> What this task involves
Find every line below where the string "Women" shows up, and copy those lines.

(Dataset records Opens)

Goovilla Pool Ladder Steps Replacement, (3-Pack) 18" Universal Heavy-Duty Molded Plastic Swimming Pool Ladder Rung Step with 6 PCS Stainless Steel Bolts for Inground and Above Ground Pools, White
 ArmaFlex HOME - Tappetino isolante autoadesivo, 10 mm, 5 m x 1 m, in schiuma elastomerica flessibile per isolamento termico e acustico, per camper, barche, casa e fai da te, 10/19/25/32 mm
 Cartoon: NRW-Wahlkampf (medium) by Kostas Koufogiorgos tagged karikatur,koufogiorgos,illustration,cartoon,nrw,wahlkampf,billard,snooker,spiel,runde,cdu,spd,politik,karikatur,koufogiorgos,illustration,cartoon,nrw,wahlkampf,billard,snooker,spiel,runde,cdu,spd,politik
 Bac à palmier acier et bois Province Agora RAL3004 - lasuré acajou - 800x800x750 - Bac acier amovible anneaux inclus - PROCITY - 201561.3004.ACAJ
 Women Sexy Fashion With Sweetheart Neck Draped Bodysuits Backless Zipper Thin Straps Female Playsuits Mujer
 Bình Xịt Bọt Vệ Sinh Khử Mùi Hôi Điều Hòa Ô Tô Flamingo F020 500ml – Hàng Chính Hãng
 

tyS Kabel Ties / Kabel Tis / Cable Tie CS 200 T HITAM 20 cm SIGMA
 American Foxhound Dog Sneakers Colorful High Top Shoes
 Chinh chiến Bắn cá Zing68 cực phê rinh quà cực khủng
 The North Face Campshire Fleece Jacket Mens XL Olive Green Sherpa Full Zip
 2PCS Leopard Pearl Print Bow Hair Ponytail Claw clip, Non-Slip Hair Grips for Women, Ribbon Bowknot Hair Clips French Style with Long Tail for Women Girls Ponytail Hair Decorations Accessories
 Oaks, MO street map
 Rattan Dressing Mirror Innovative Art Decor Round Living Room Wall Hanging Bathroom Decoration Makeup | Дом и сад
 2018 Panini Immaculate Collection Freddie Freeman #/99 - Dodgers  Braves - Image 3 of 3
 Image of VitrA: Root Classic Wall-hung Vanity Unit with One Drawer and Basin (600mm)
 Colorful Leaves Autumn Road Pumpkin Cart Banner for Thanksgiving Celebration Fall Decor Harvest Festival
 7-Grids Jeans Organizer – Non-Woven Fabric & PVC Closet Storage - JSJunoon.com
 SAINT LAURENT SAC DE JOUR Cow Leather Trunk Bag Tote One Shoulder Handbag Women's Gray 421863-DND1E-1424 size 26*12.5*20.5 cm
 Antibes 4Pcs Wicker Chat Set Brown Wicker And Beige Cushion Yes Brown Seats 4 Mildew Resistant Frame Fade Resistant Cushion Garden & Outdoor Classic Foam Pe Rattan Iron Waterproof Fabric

(Dataset records Closes)

> Answer to the exercise
 Women Sexy Fashion With Sweetheart Neck Draped Bodysuits Backless Zipper Thin Straps Female Playsuits Mujer
 2PCS Leopard Pearl Print Bow Hair Ponytail Claw clip, Non-Slip Hair Grips for Women, Ribbon Bowknot Hair Clips French Style with Long Tail for Women Girls Ponytail Hair Decorations Accessories
 SAINT LAURENT SAC DE JOUR Cow Leather Trunk Bag Tote One Shoulder Handbag Women's Gray 421863-DND1E-1424 size 26*12.5*20.5 cm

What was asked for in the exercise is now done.